0

The question may be stupid, I've just started learning chrome API. But I really have become exhausted when looking for an answer. Here we are:

When I'm using this construction, everything is A-OK:

chrome.tabs.executeScript(tabID, { file: "jquery.js" }, function() {
    chrome.tabs.executeScript(tabID, { file: "script.js" }, function(res)   { 
        alert(res); // I can use this result inside this block
    });
});

The matter is that I'd like to encapsulate this code into a function like this:

function aFunction( tabID )
{
    chrome.tabs.executeScript(tabID, { file: "jquery.js" }, function() {
        chrome.tabs.executeScript(tabID, { file: "script.js" }, function(res)   { 
            return res;
        });
    });
}

Then I use the function this way:

alert(aFunction(tabID));

The message provided by this alert-instruction is "undefined". I tried many ways to write the function, but I constantly get "undefined" as a returned result.

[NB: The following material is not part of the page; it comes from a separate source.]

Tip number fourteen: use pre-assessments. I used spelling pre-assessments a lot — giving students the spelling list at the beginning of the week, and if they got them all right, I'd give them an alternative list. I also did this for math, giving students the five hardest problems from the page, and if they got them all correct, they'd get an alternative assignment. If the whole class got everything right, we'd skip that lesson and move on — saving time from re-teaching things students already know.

Hope there is a way to implament what I'd like to.

Thanks in advance.

4

1 回答 1

1

Chrome extension APIs are asynchronous, so if you wrap them inside of a function, that wrapping function can't synchronously return a value based on an asynchronous result. The wrapping function must declare its return value before the Chrome API callback functions begin.

You can do this:

function aFunction( tabID, callback )
{
    chrome.tabs.executeScript(tabID, { file: "jquery.js" }, function() {
        chrome.tabs.executeScript(tabID, { file: "script.js" }, function(res)   { 
            callback(res);
        });
    });
}

Instead of returning res, you can pass in a callback function to aFunction that runs when executeScript terminates.

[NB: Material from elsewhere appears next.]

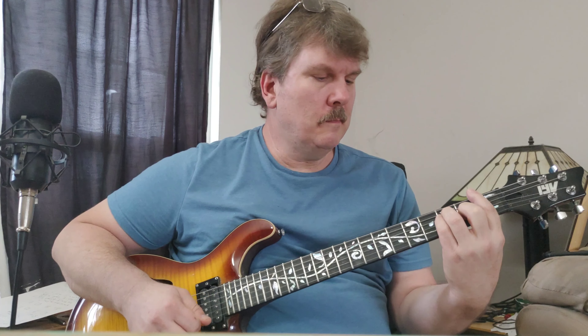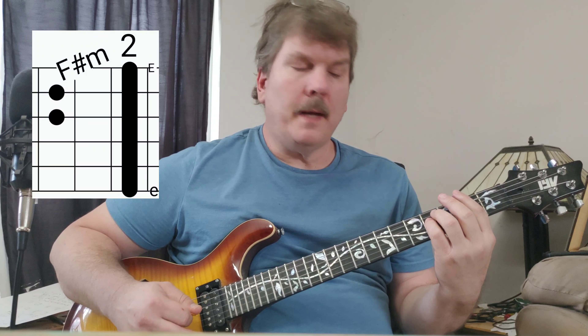Back to F, and then we go back to A but we only stay half as long this time, then we go F sharp minor, C, A.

aFunction(1234, function(resultArg) {
    alert("if you're seeing this, the inner executeScript finished");
    alert("it has result" + resultArg);
});

The inner executeScript executes the callback(res) call, which invokes the function passed into aFunction with res as its first argument.

Remember that any code that requires the res value must be placed inside the callback. Any code outside of the callback has no guarantee (or in fact has a negative guarantee) that the executeScript callback has yet resolved.